I have included the overall min-entropy estimate from the NIST suite in this
table, as well as two contributing estimates: the compression estimate and the
Markov estimate. The NIST min-entropy estimate is the minimum of 10 different
estimates, including these two. The compression estimate is generally the
smallest for jitterentropy raw samples with deterministic loop counts, and the
Markov estimate is generally smallest for jitterentropy with other
configurations.

| `ml`              | `ll`             | min-entropy (bits / byte) | Compression estimate | Markov estimate |
|:-----------------:|:----------------:|:-------------------------:|:--------------------:|:---------------:|
| random (1 .. 128) | random (1 .. 16) | 5.77                      | 6.84                 | 5.77            |
| 128               | 16               | 1.62                      | 1.62                 | 3.60            |
| 1                 | 1                | 0.20                      | 0.20                 | 0.84            |


In other words, varying the loop counts pseudorandomly increased the min-entropy
estimate for raw samples by 4.15 bits (or 250%), compared to the deterministic
version that always used the maximum values from the pseudorandom ranges.

#### Analysis

The pseudorandom loop count values are determined by adding one extra time
sample per noise function. First, these time samples are not independent of the
noise function time measurements, since the gaps between the loop count time
samples correspond predictably to the noise function time measurements. As a
result it would be highly questionable to assume that they increase the
min-entropy of the output data at all.  Second, it is absurd to imagine that the
loop count time samples were somehow about 250% as random as the noise function
time measurements, since both rely on the same noise source, except that the
very first loop count time samples maybe get a small boost from the random
amount of time needed to boot the system enough to run the test.

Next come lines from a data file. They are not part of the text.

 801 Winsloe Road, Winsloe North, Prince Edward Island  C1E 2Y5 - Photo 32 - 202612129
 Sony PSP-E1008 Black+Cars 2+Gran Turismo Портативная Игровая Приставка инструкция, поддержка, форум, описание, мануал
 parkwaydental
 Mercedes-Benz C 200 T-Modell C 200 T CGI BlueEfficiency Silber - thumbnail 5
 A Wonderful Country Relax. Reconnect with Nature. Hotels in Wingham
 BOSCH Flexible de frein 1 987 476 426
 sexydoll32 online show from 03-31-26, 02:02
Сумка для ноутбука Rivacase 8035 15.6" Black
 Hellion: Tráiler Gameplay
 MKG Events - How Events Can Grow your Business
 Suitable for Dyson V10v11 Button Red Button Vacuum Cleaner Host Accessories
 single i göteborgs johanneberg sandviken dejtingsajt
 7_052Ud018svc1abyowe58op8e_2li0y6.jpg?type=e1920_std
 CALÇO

Consequently, I suspect that what happened is that the pseudorandom loop counts
were enough to "fool" the particular suite of statistical tests and
predictor-based tests in the NIST suite, but that a predictor test written with
specific knowledge of how the jitterentropy pseudorandom loop counts are derived
could in fact predict the output with far better accuracy. I think the "true"
min-entropy in the pseudorandom loop count test, against an adversary that's
specifically targeting our code, is within the bounds of the two deterministic
tests, i.e. between about 0.20 and 1.62 bits per byte.

Using pseudorandom counts forces us to make an additional decision: do we
conservatively estimate the actual entropy content at 0.20 bits per byte (as if
the pseudorandom count function always chose `ml = 1` and `ll = 1`)? Or do we
chose an average entropy content (there is probably a more intelligent averaging
technique than to compute (1.62 + 0.20) / 2 = 0.91 bits / byte, but that will
serve for the purpose of this discussion) and risk the pseudorandom loop counts
occasionally causing us to undershoot this average entropy content? If we are
too conservative, we will spend more time collecting entropy than is needed; if
we are too optimistic, we might have a security vulnerability. Ultimately, this
forces a trade-off between security (which prefers conservative entropy
estimates) and efficiency (which prefers optimistic entropy estimates).

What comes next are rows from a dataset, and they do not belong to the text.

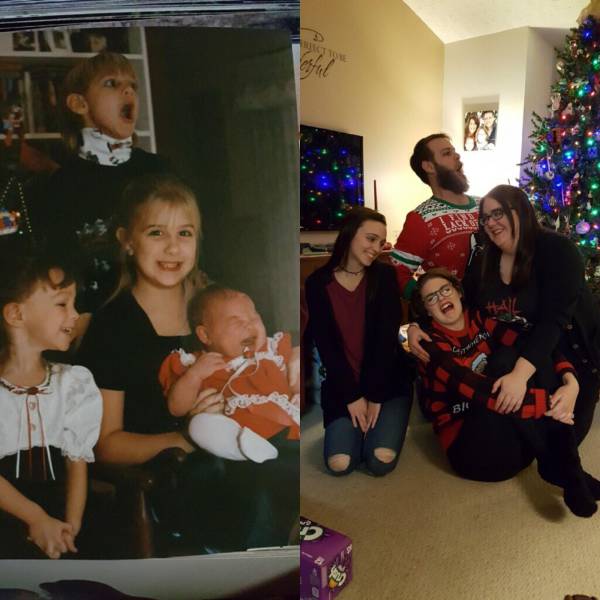 daily picdump 92 pics 7.html - 92 HD Photos | Premium Gallery 2017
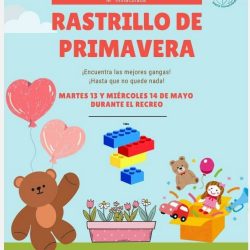 rastrillo-solidario-albacete-01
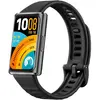 Bild von Huawei Band 11 Pro Fitnessarmband One Size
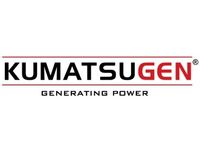 Kumatsugen
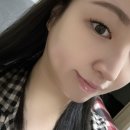 퍼스널 메이크업(야간) | 광주 남구 월산동 속눈썹 연장 야간 시술 가능한 곳 아율뷰티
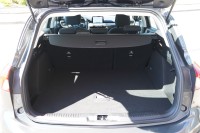 Ford Focus Turnier 1.0 EcoBoost Active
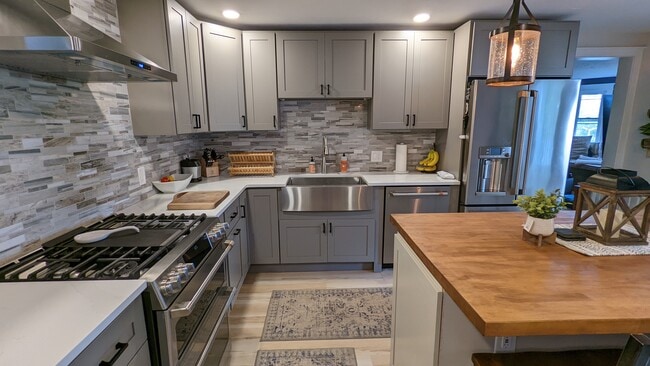 76 Milk St in Westborough, MA - Building Photo - Building Photo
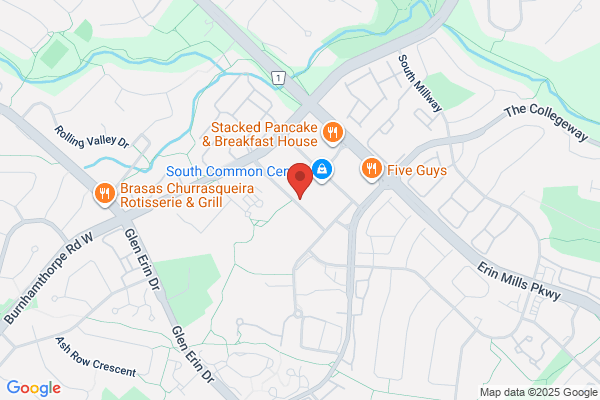 Loblaws Supermarkets Limited, Bakery Deli Floral & Pharmacy Orders, Burnhamthorpe & 427, Pharmacy Orders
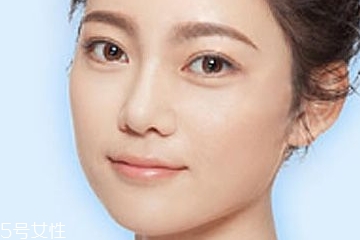 光子<a href=http://www.mx185.com/listinfo-770-0.html target=_blank class=infotextkey>嫩肤</a>是激光吗 不是一种
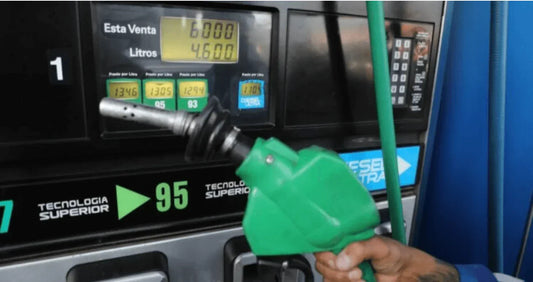 Elige estufas a combustión lenta con el aumento en combustibles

### Effects of processing the raw samples

#### Raw Data

I repeated the three tests reported above, but with jitterentropy's internal
processing turned on (with `kernel.jitterentropy.raw = false` instead of the
default value `true`). For convenience, the tables below include both the raw
sample results (copied from above) in the top three rows, and the processed
results (newly added) in the bottom three rows.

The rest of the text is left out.